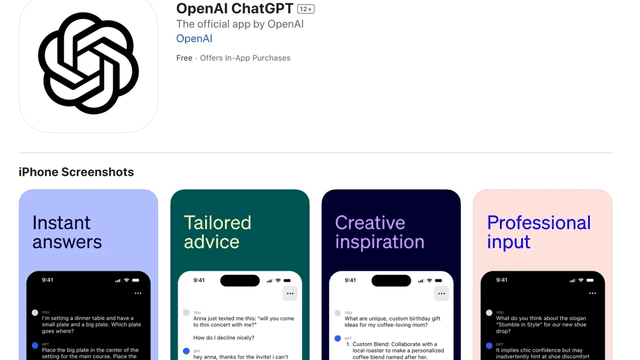 ChatGPT endi rasmiy ravishda iOS - da. App Store do'konida xususiy OpenAI ilovasi paydo bo'ldi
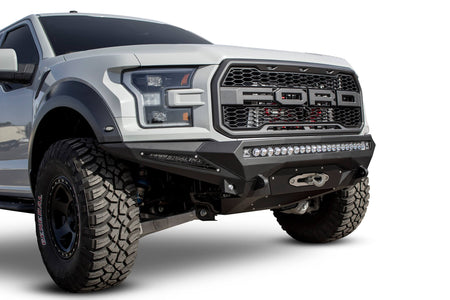 2017-2020 Ford F-150 Raptor Stealth Fighter Front Bumper With Winch Mount - Addictive Desert Designs F111202860103 - view 4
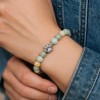 Hollywood Sensation Adjustable Beaded Bracelet with Paw Charm - Natural Stone Pet Lover Bracelet - 3 of 4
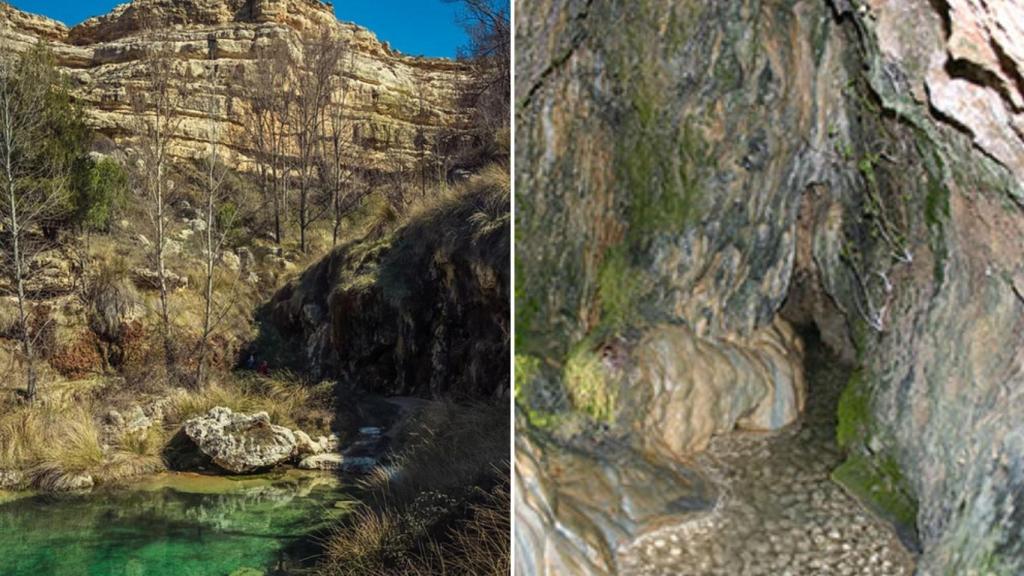 Manantial y gruta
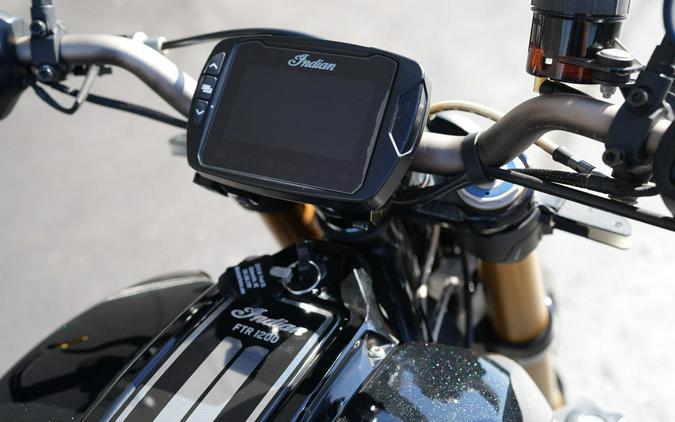 2019 Indian Motorcycle FTR 1200 S Titanium Metallic over Thunder Black Pearl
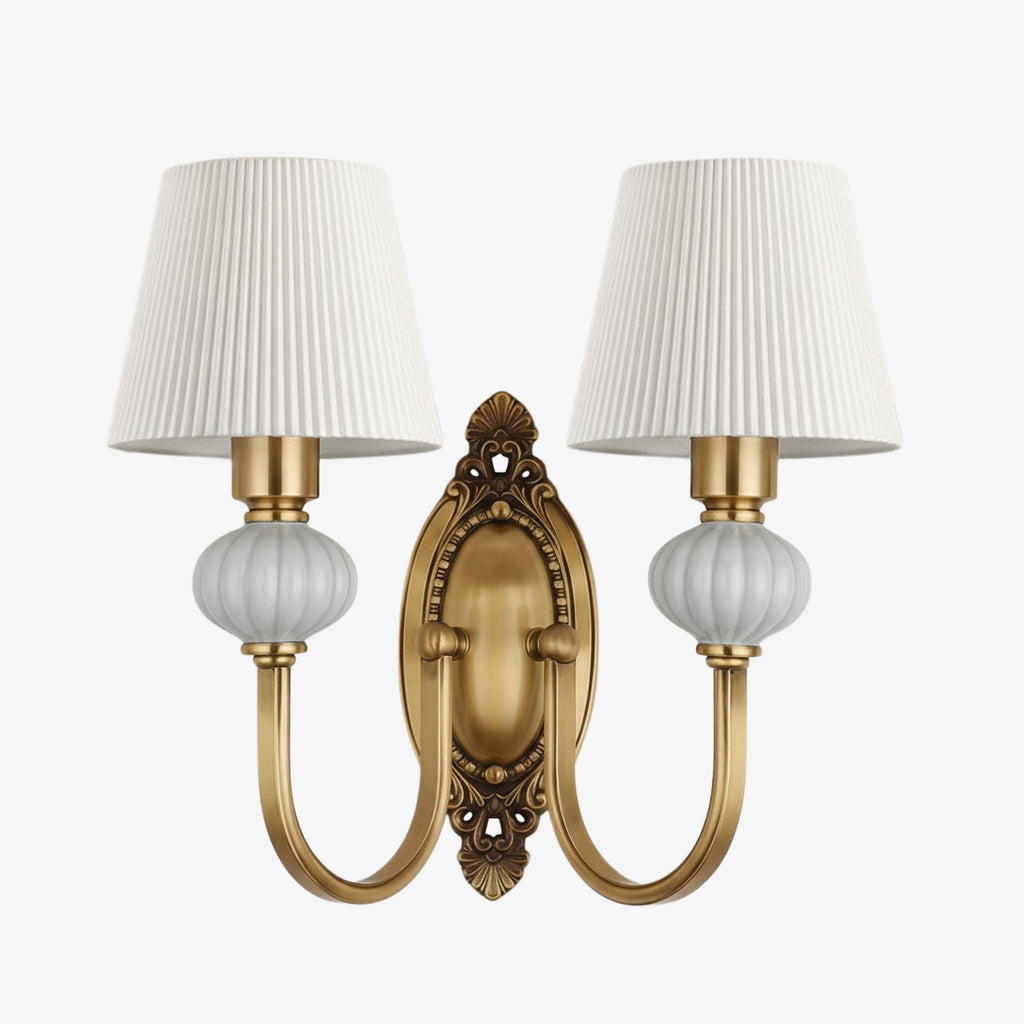 Lampada da Parete Lodge Ceramica&Tessuto&Metallo
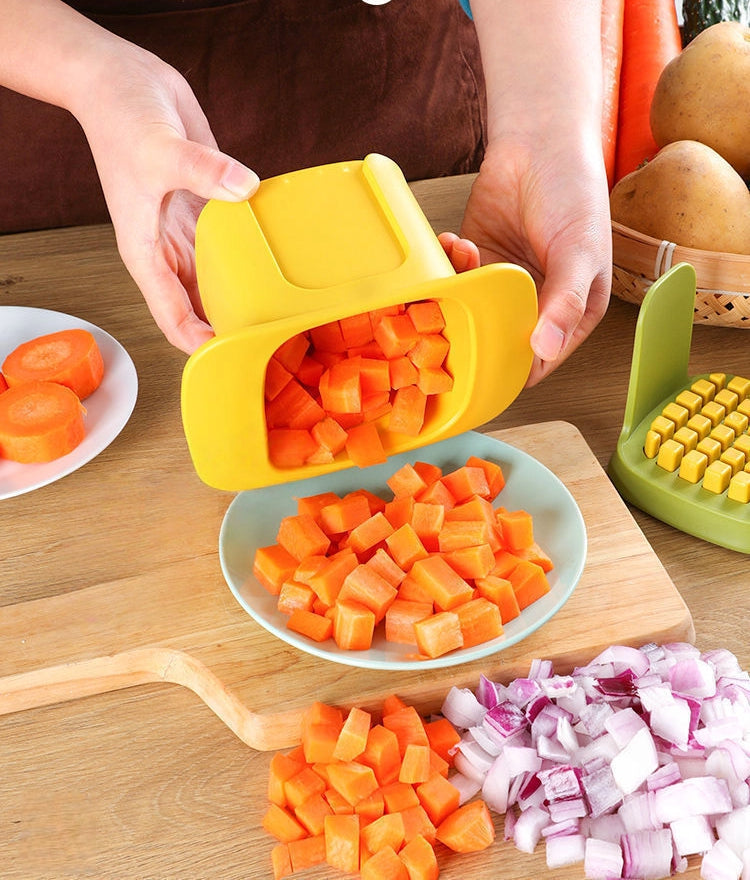 French Fries And Potato Cutter, Household Multifunctional Vegetable And Fruit Dicing Tool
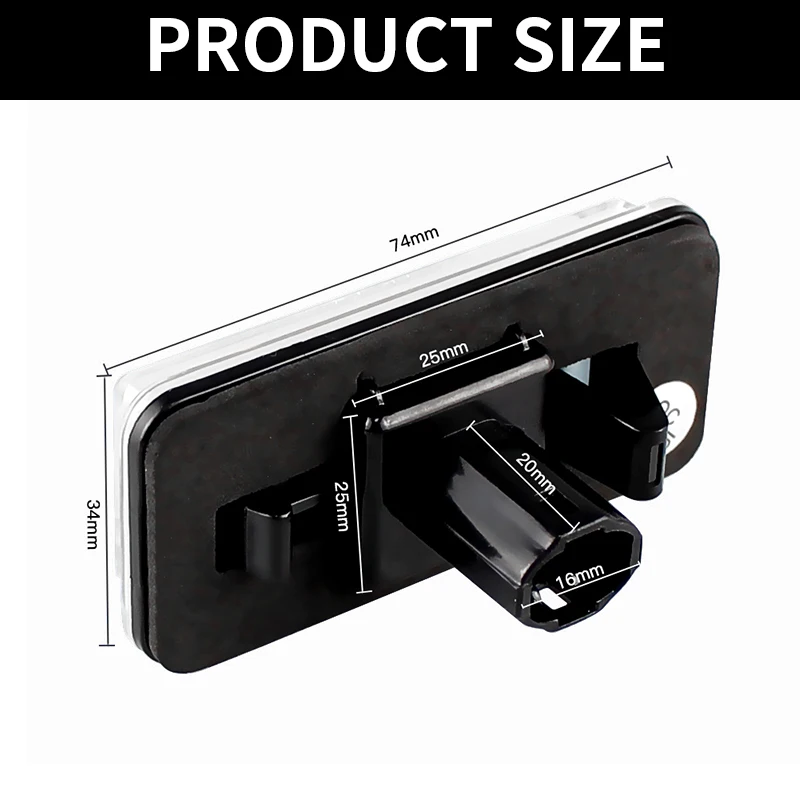 2 шт. безошибочный Canbus Автомобильный светодиодный номерной знак освещение для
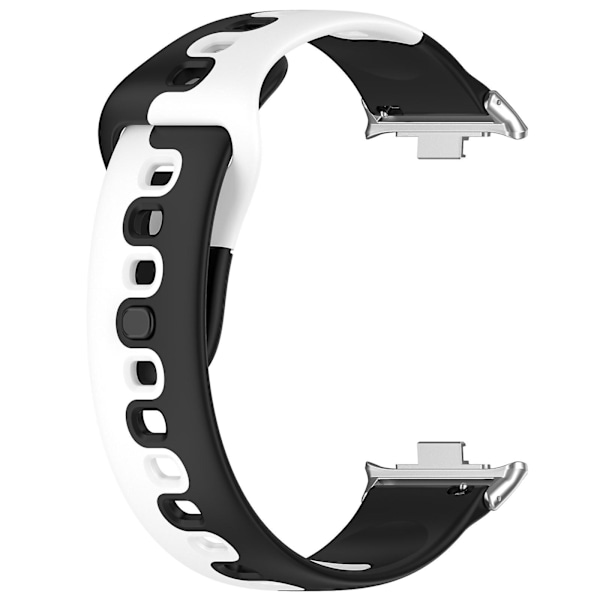 Silikonarmband för Xiaomi Smart Band 8 Pro, dubbelfärgat ersättningsarmband Black White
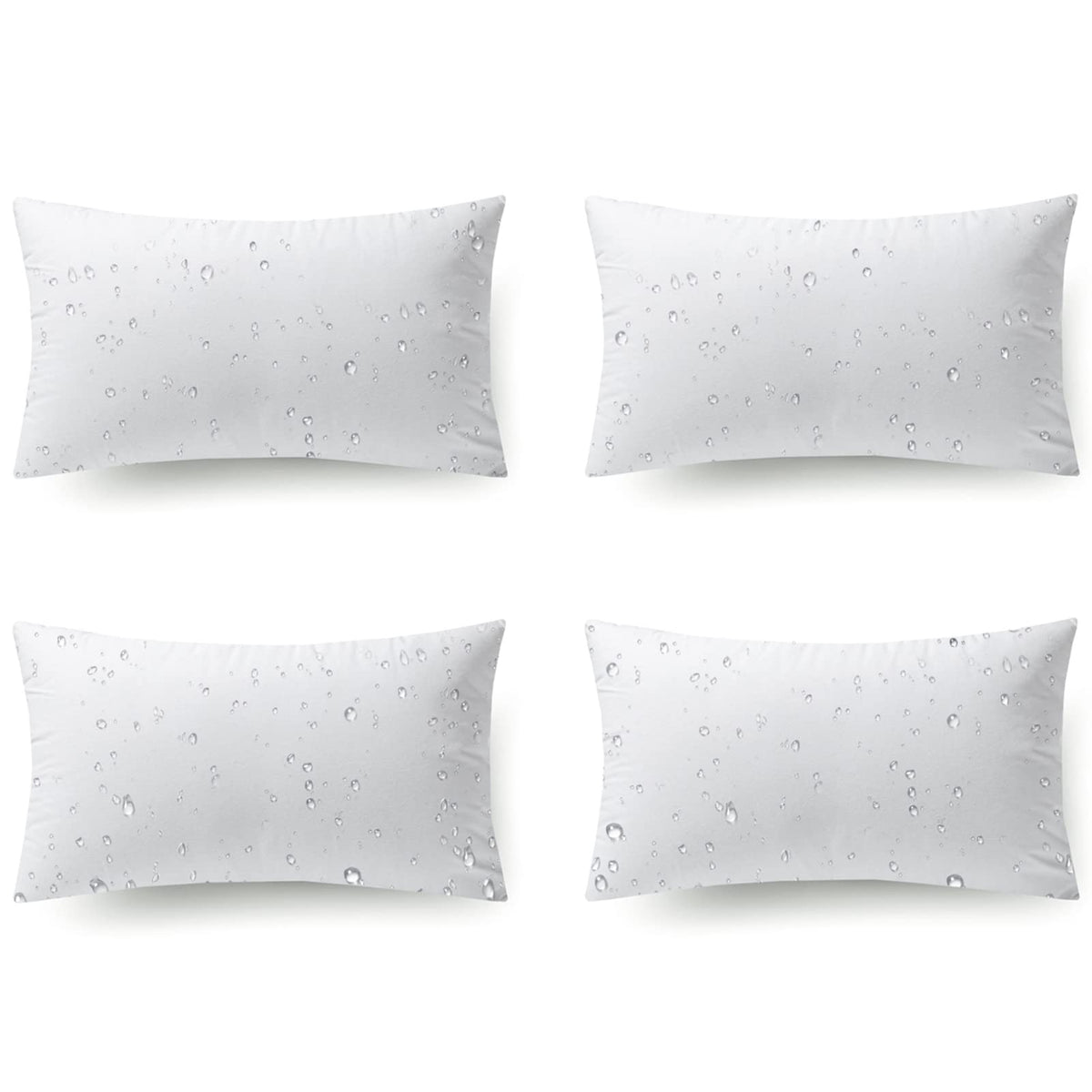 Phantoscope outdoor pillow insert 12x20 four-pack ready for patio cushions.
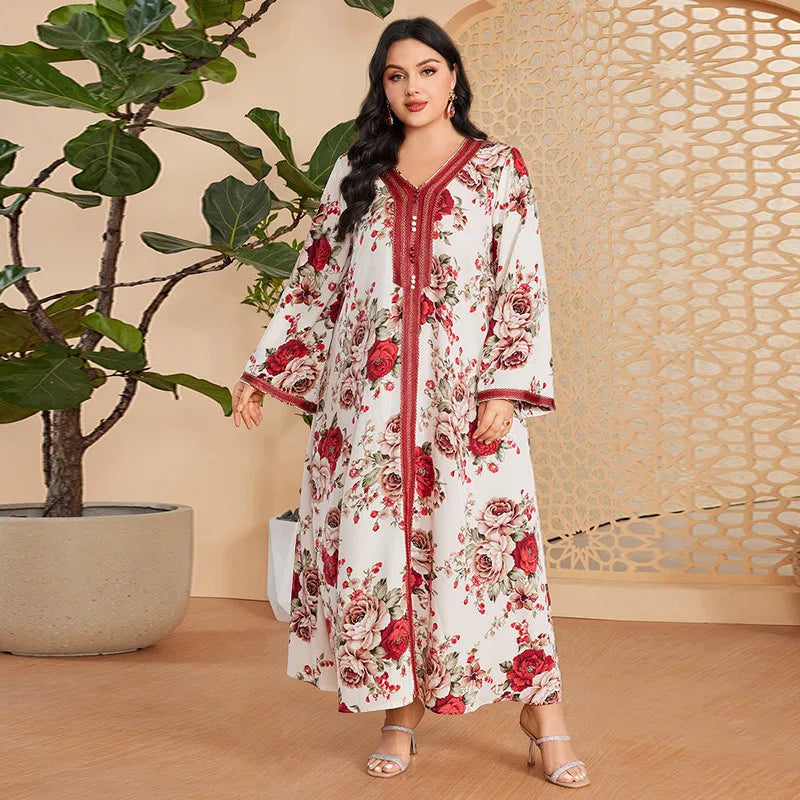 Floral Kaftan - Kaftan Morokko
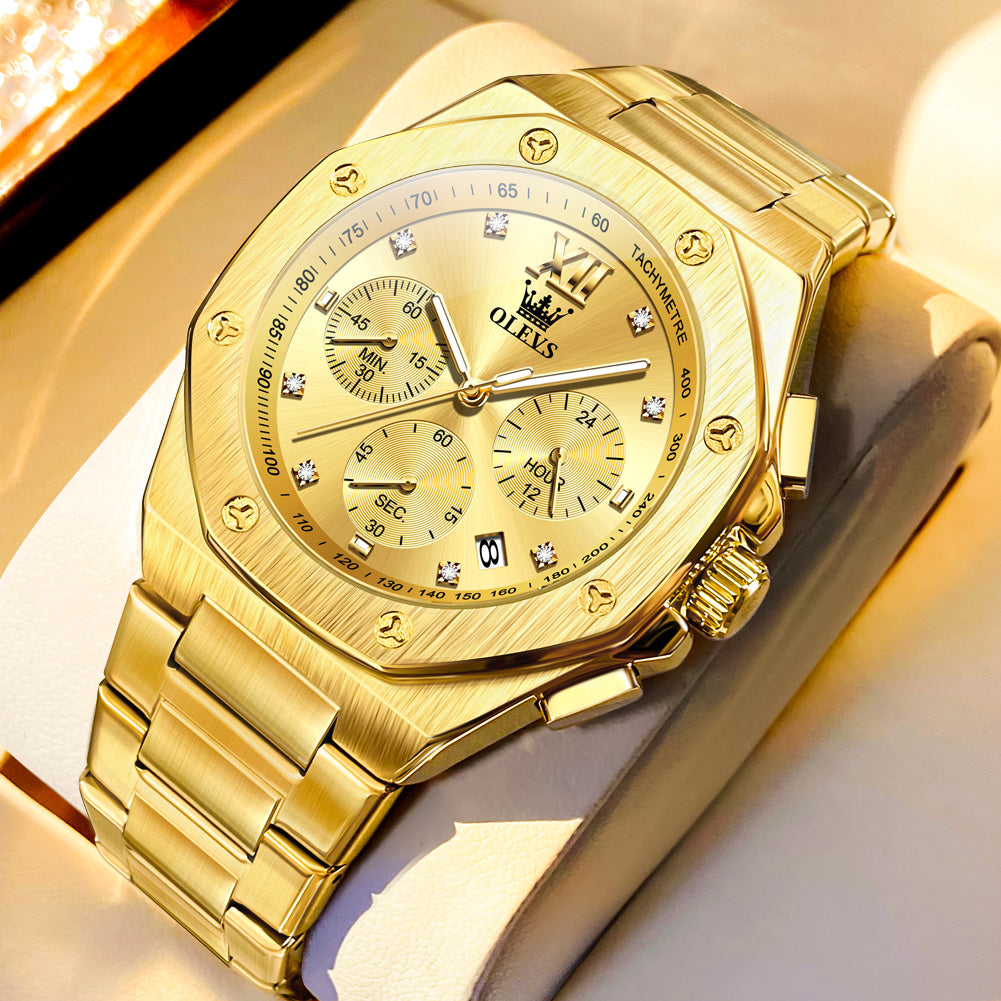OLEVS Watches for Man 3626 Golden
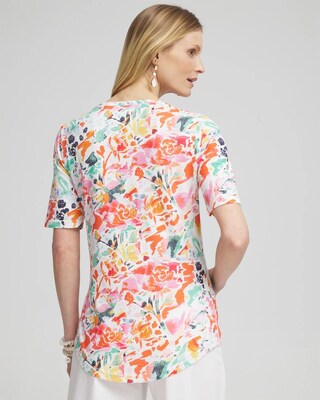 Abstract Notch Neck Tee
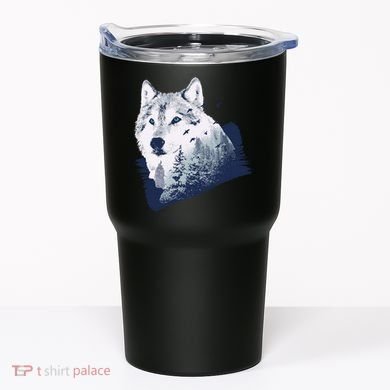Wolf Wilderness Forest Tumbler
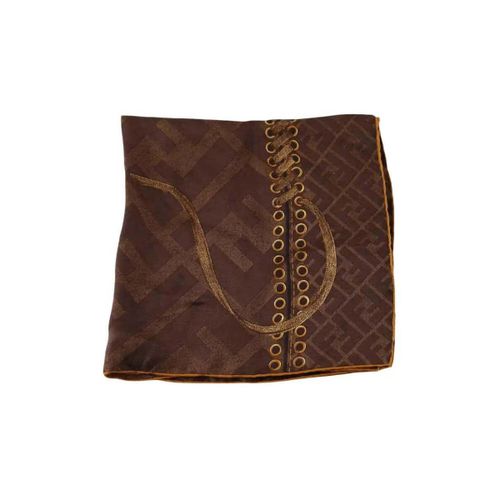 Echarpe Vintage Carré marron - Vintage - Modalova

■ ■ ■

Task to carry out: Write out the material exactly, excluding pictures.

Response to this task:
 ChatGPT endi rasmiy ravishda iOS - da. App Store do'konida xususiy OpenAI ilovasi paydo bo'ldi
 2017-2020 Ford F-150 Raptor Stealth Fighter Front Bumper With Winch Mount - Addictive Desert Designs F111202860103 - view 4
 Hollywood Sensation Adjustable Beaded Bracelet with Paw Charm - Natural Stone Pet Lover Bracelet - 3 of 4
 Manantial y gruta
 2019 Indian Motorcycle FTR 1200 S Titanium Metallic over Thunder Black Pearl
 Lampada da Parete Lodge Ceramica&Tessuto&Metallo
 French Fries And Potato Cutter, Household Multifunctional Vegetable And Fruit Dicing Tool
 2 шт. безошибочный Canbus Автомобильный светодиодный номерной знак освещение для
 Silikonarmband för Xiaomi Smart Band 8 Pro, dubbelfärgat ersättningsarmband Black White
 Phantoscope outdoor pillow insert 12x20 four-pack ready for patio cushions.
 Floral Kaftan - Kaftan Morokko
OLEVS Watches for Man 3626 Golden
 Abstract Notch Neck Tee
Wolf Wilderness Forest Tumbler
 Echarpe Vintage Carré marron - Vintage - Modalova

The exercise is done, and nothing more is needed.